İslam tarihi boyunca ve bugün İslam adına hareket ettikleri iddiasıyla ortaya çıkan birtakım unsurlar ne yazık ki vahyin sadece kendi vizyonlarına, doktrinlerine, stratejilerine uygun olduğunu düşündükleri kısmına yoğunlaşıp diğer kısımlarını görmezden gelerek vahim bir hatanın kapılarını aralamışlardır. Bu yaklaşım Kurana teslim olmadan önce başka bir kutsala teslim olunduğunun da bariz bir göstergesidir. Eğer Siz kalkış noktası olarak Allahın vahyini değil de başka bir yeri seçerseniz vahyi sadece kendi doktriner çıkarlarınızın bir aracı olarak görmüş olursunuz. Kimi bu hatayı yaparken tamamen kasıtlı bir şekilde yaparken kimi de cahilliğinden yapabilmektedir. Oysa ki Müslümanlar olarak vahyin tamamına uymamız bize emrolunmuştur.

"…. Yoksa siz, kitabın bir bölümüne inanıp bir bölümünü inkar mı ediyorsunuz? Artık sizden böyle yapanların dünya hayatındaki cezası aşağılık olmaktan başkası değildir.." Bakara: 85

Kuran kendini anlamaya yönelik girimde bulunan insanlardan temiz akıl sahiplerine hikmet kapılarını açar. "Temiz akıl sahipleri" ifadesi dikkat edilmesi gereken bir ifadedir. Bu ifade vahiy iklimine girmeden önce zihni bir arınmanın ve kalbi bir teslimiyetin gerekliliğini bize gösterir. Bu ifade vahyin, birtakım insanların kendi ön kabullerini desteklemek için deliller devşirilecek bir metin olmadığını bize gösterir.
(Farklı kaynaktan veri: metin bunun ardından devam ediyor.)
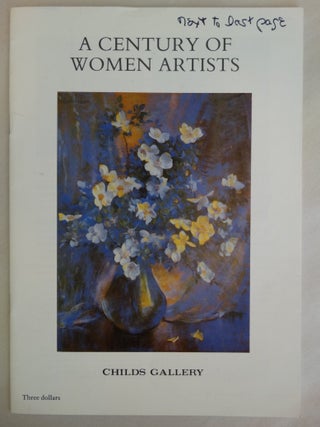 Item #3735 A Century of Women Artists. D. Roger Howlett, Angela M. Noel
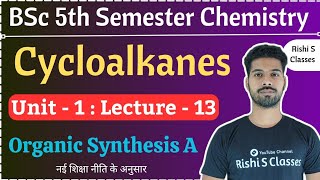 CycloalkanesBsc 5th sem chemistryOrganic Synthesis AChapter 1HydrocarbonsL13 [upl. by Ennaylloh]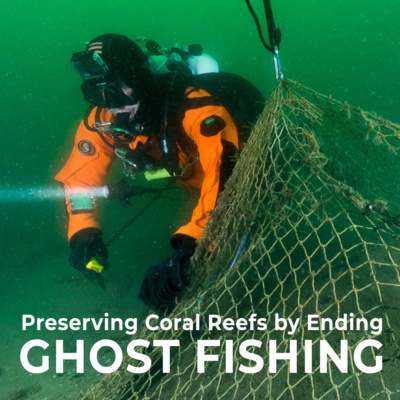 Preserving Coral Reefs by Ending Ghost Fishing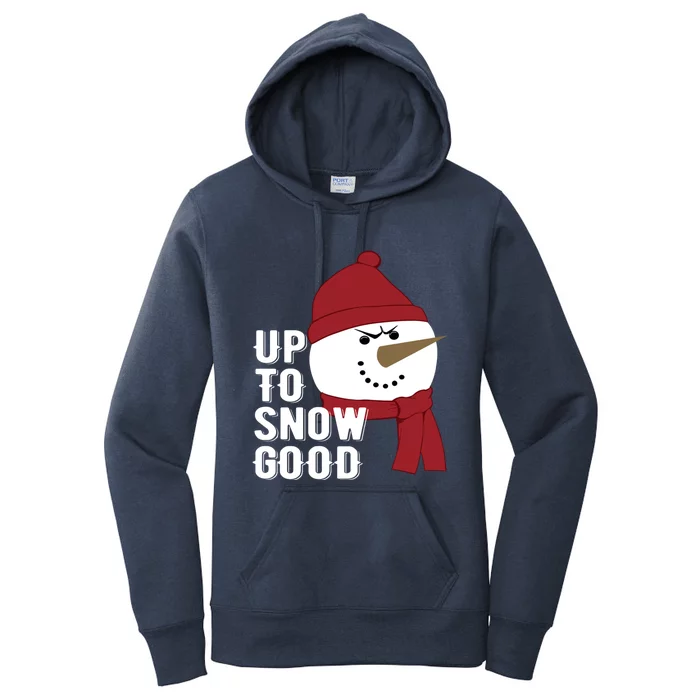 Up To Snow Good Funny Winter Snow Meaningful Gift Women's Pullover Hoodie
Bu saptamaları yapmak üzerinde duracağımız konunun önemi açısından gerekliydi. Zira bu konu İslamın toplumsal alanla ilgili hükümlerini görmezden gelen, zalimlerle bir şekilde çıkara dayalı ilişkiler kuran kesimler ve bizzat zalimler tarafından görmezden gelinmektedir. Vahyin berraklığının bozulduğu ilk dönemlerden itibaren ilahi öğretinin kaynağı o kadar çarpıtıldı ki Kur'an Allah'ın kendisine lanet ettiği insanların evinde okutulur oldu.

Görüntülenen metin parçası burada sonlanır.